Creases Transformation (CT) adversarial patches
Novel technique introduced
The increasing reliance on machine learning systems has made their security a critical concern. Evasion attacks enable adversaries to manipulate the decision-making processes of AI systems, potentially causing security breaches or misclassification of targets. Vision Transformers (ViTs) have gained significant traction in modern machine learning due to increased 1) performance compared to Convolutional Neural Networks (CNNs) and 2) robustness against adversarial perturbations. However, ViTs remain vulnerable to evasion attacks, particularly to adversarial patches, unique patterns designed to manipulate AI classification systems. These vulnerabilities are investigated by designing realistic adversarial patches to cause misclassification in person vs. non-person classification tasks using the Creases Transformation (CT) technique, which adds subtle geometric distortions similar to those occurring naturally when wearing clothing. This study investigates the transferability of adversarial attack techniques used in CNNs when applied to ViT classification models.
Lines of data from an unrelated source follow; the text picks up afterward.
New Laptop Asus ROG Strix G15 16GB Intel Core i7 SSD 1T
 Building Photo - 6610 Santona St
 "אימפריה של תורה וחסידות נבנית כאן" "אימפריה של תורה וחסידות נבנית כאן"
Experimental evaluation across four fine-tuned ViT models on a binary person classification task reveals significant vulnerability variations: attack success rates ranged from 40.04% (google/vit-base-patch16-224-in21k) to 99.97% (facebook/dino-vitb16), with google/vit-base-patch16-224 achieving 66.40% and facebook/dinov3-vitb16 reaching 65.17%. These results confirm the cross-architectural transferability of adversarial patches from CNNs to ViTs, with pre-training dataset scale and methodology strongly influencing model resilience to adversarial attacks.
Key Contributions
- Introduces the Creases Transformation (CT) technique that adds physically plausible fabric folds and stretching distortions during adversarial patch optimization, improving physical realism
- Demonstrates cross-architectural transferability of adversarial patches originally crafted for CNNs (YOLOv5) to four fine-tuned ViT models on a binary person classification task
- Quantifies significant vulnerability variation across ViT pre-training strategies, with attack success rates ranging from 40.04% to 99.97% and showing pre-training dataset scale as a key resilience factor
🛡️ Threat Analysis
Proposes adversarial patches optimized with a Creases Transformation layer to cause misclassification at inference time across CNN and ViT architectures — a direct physical adversarial patch/evasion attack.